Detailed energy data, options, nanotechnology involvement and intelligent discussion are appearing regularly from responsible institutions. Some of the best energy information has just been mounted on the web. If you haven't considered investing in promising nanotech energy applications up to now, the following may change your mind.
A superb energy colloquium was held at MIT on May 3, 2006 discussing safe and productive energy supply (at reasonable economics) and environmental problems with possible solutions for the rest of the century. This colloquium was not heralded in the press … I'm sure most of you missed it … and yet it contained some of the wisest discussions about the world's energy future to date. MIT will be one of the premier US institutions providing insight, wisdom, advice and practical solutions to the world, our government and various industries on energy and environmental issues this century.
This illuminating forum can be heard on the web. "The MIT Energy Forum: Taking On The Challenge," (here and here) was chaired by MIT's President, Dr. Susan Hochfield, and involved many of Tech's world class faculty members. MIT has been fundamentally involved in energy generation since early in the 20th Century (e.g. power plant design, nuclear power generation and wind energy) and the early 21st century is no different.
MIT has had an institute-wide cross disciplinary major project underway for over two years examining world wide environmental and energy needs for this century, energy problems (including many economic and policy issues), all energy/environmental sub-sections and possible practical societal and economic solutions. This forum was an interim report of initial findings. All fundamental issues and options are discussed and are quite sobering. The panelist's findings and possibilities concern all of us and I strongly recommend that you listen to at least to the introduction session.

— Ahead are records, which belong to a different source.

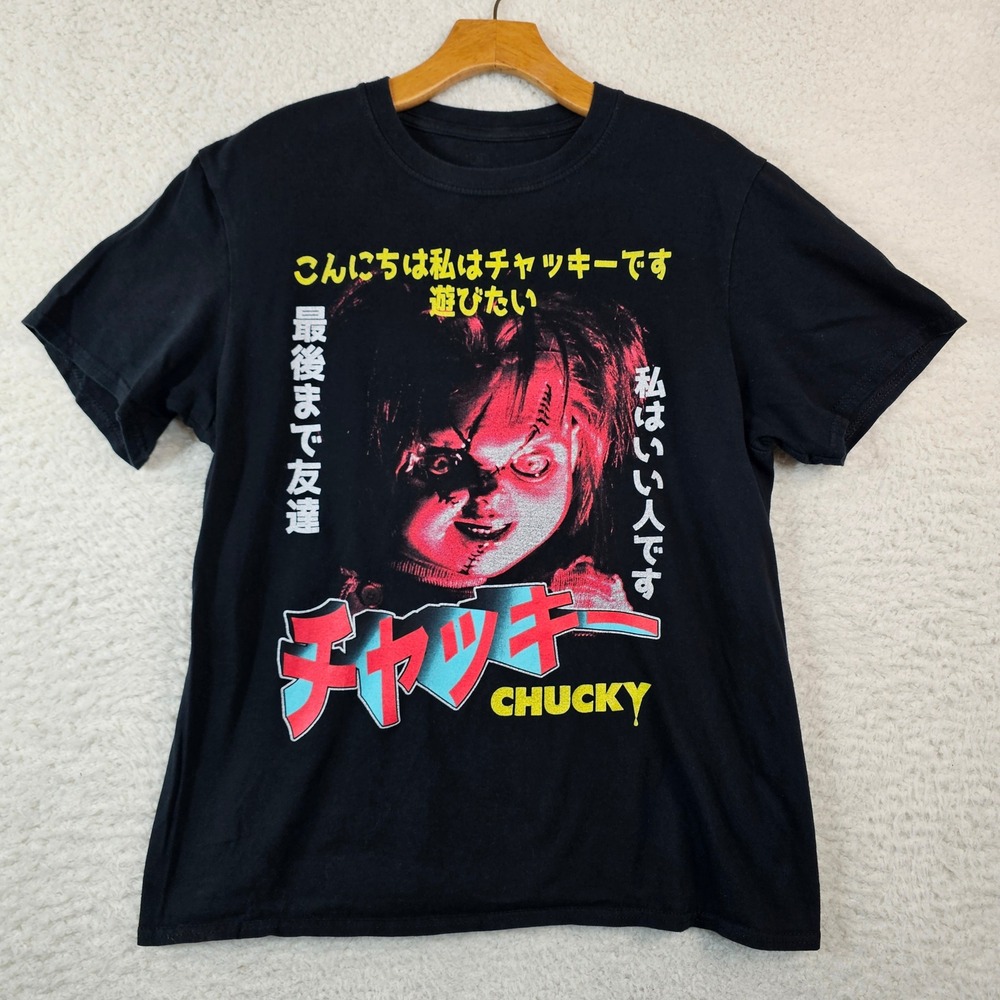 Chucky Child's Play Mens Med Black T-Shirt Japanese Kanji Graphic Horror Movie‎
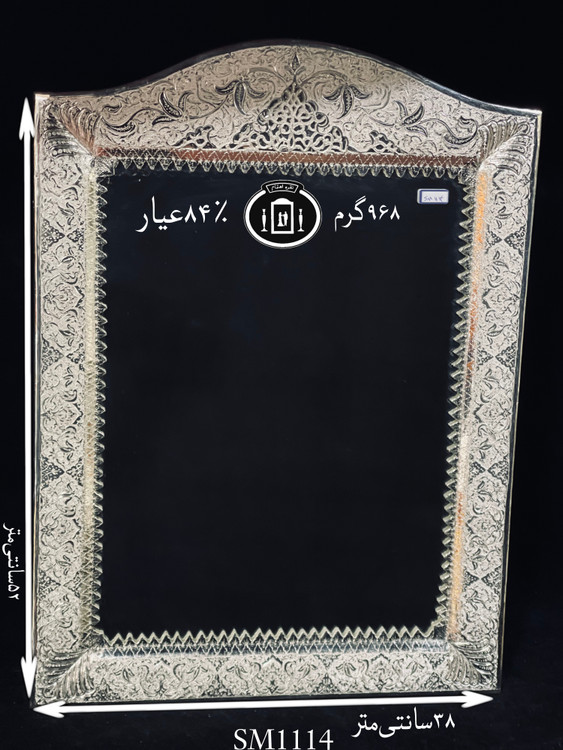 قیمت آینه نقره چهارگوش قلم گل و اسلیمی و شبکه ممتاز۹۰٪استاندارد ایران
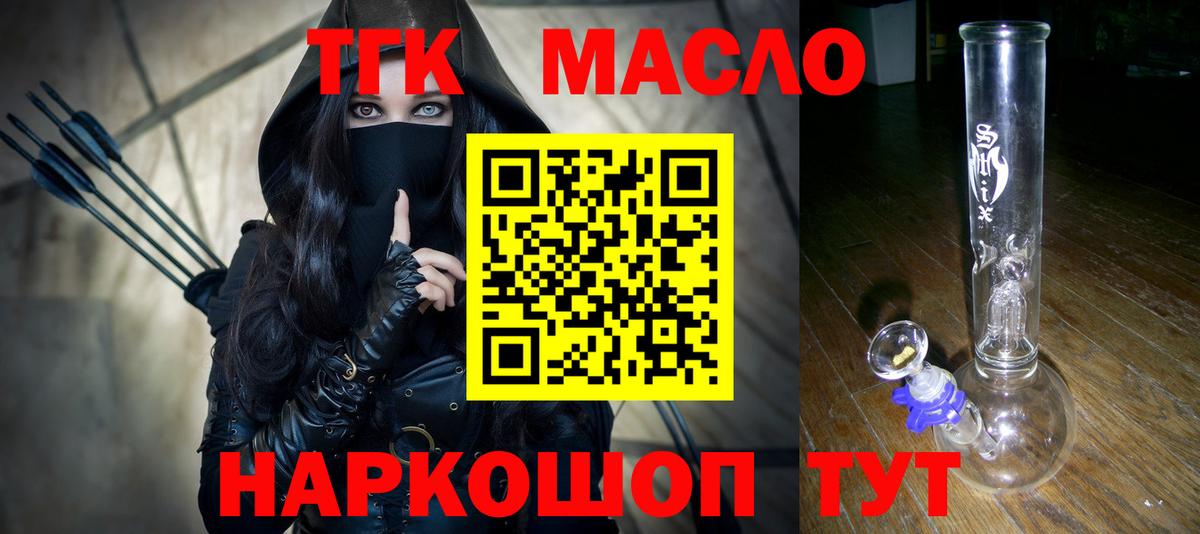 Вязьма  ТГК жижа  Вход с VPN 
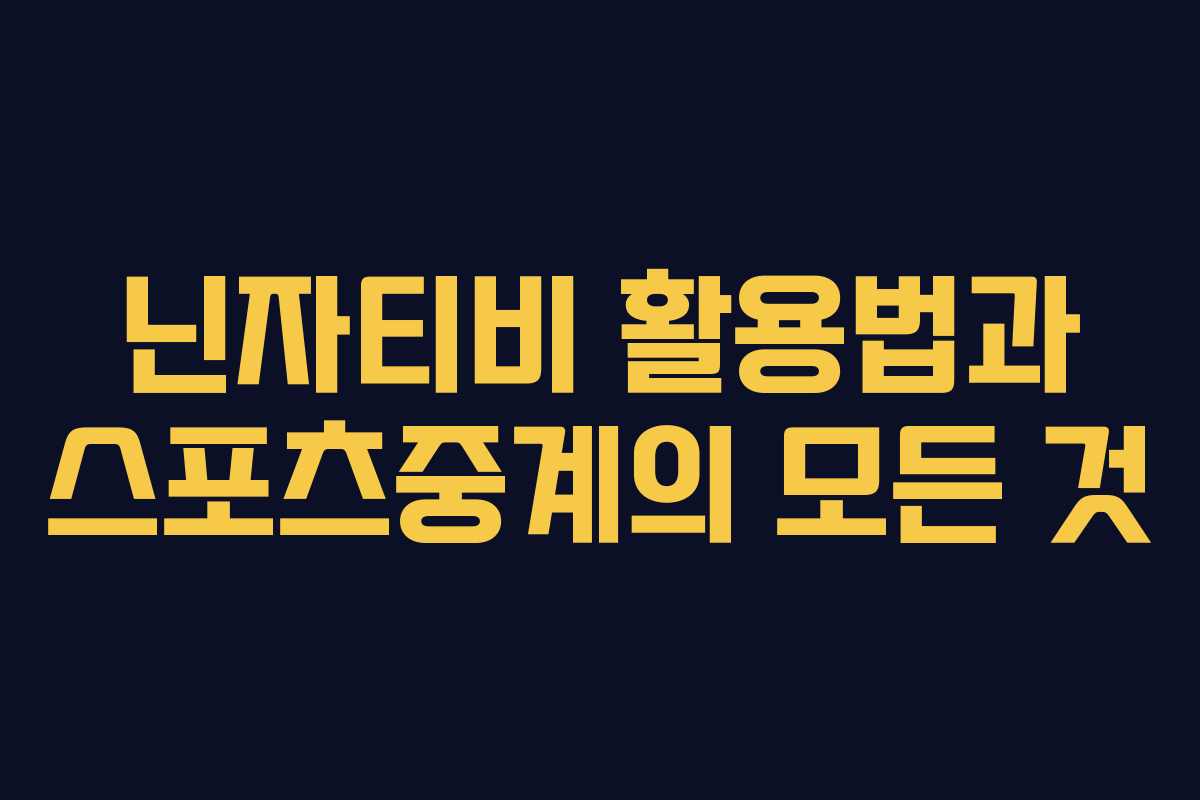 닌자티비 활용법과 스포츠중계의 모든 것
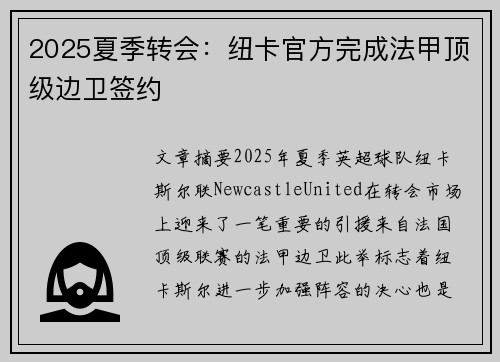 2025夏季转会：纽卡官方完成法甲顶级边卫签约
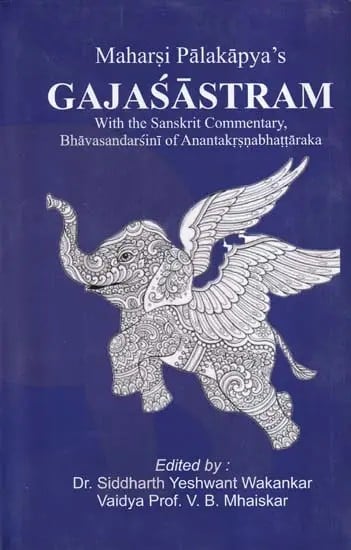 Gajasastram (With The Sanskrit Commentary, Bhavasandarsini of Anantakrsnabhattaraka)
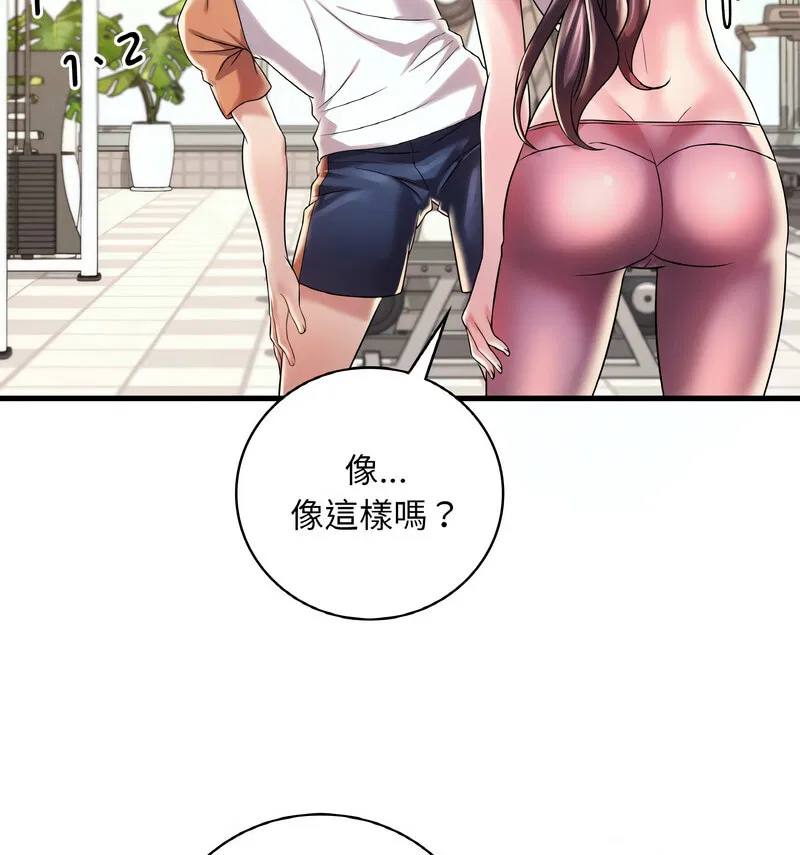 第16話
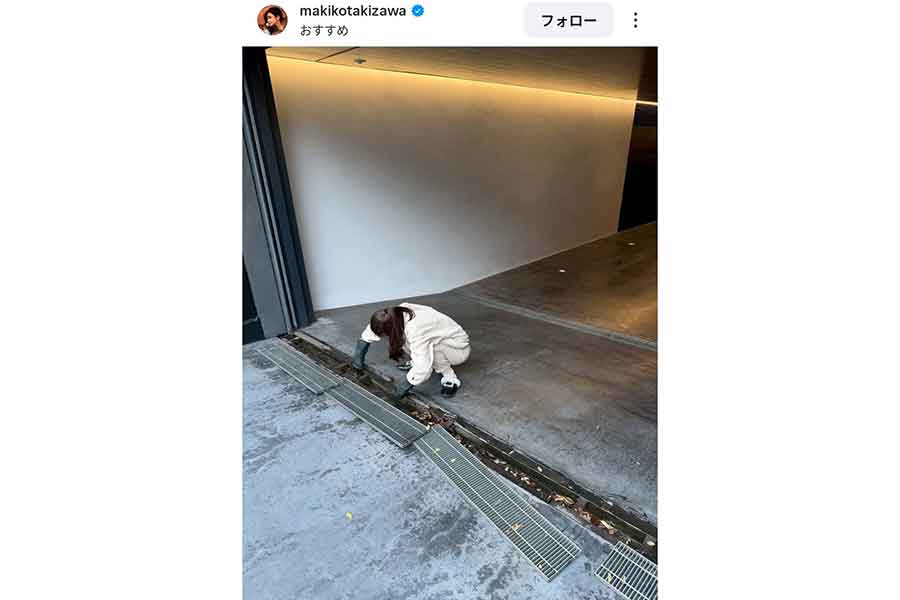 滝沢眞規子さんが掃除をする様子(スクリーンショット)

The early sessions explored the issues, problems and solutions arising from the worldwide energy supply side "production" perspective (i.e. oil, gas, atomic, biomass, and alternative energy sources). They specifically focused on oil issues … worldwide real reserves, possible shortages, price considerations and where we might find additional major supplies of crude. Interestingly only 40% of all provable oil reserves historically have been producible (liftable) reserves. 60% of discovered oil can't currently be lifted. 25% of these reserves cannot ever be produced, leaving 35% of existing provable oil reserves possibly available, subject to improved technological processes.
Nanotech is fundamental to increasing production from old wells. Assuming consensus projected world wide growth in developed and third world energy demand every increase in percent recovery extends available worldwide oil supplies 1.5 - 2 years. Increasing old well yield is one of the more productive research activities because producers know the oil is there. Some current nanotech developments for improving lifting percent include harder and more versatile drilling, platform and pipe line materials (stronger, lighter, more flexible and more impervious to heat and corrosion), better catalysts for processing lower quality crude, stronger impeller blades for oil pumping motors, and finer and more selective filters to minimize contamination and improve usable yields.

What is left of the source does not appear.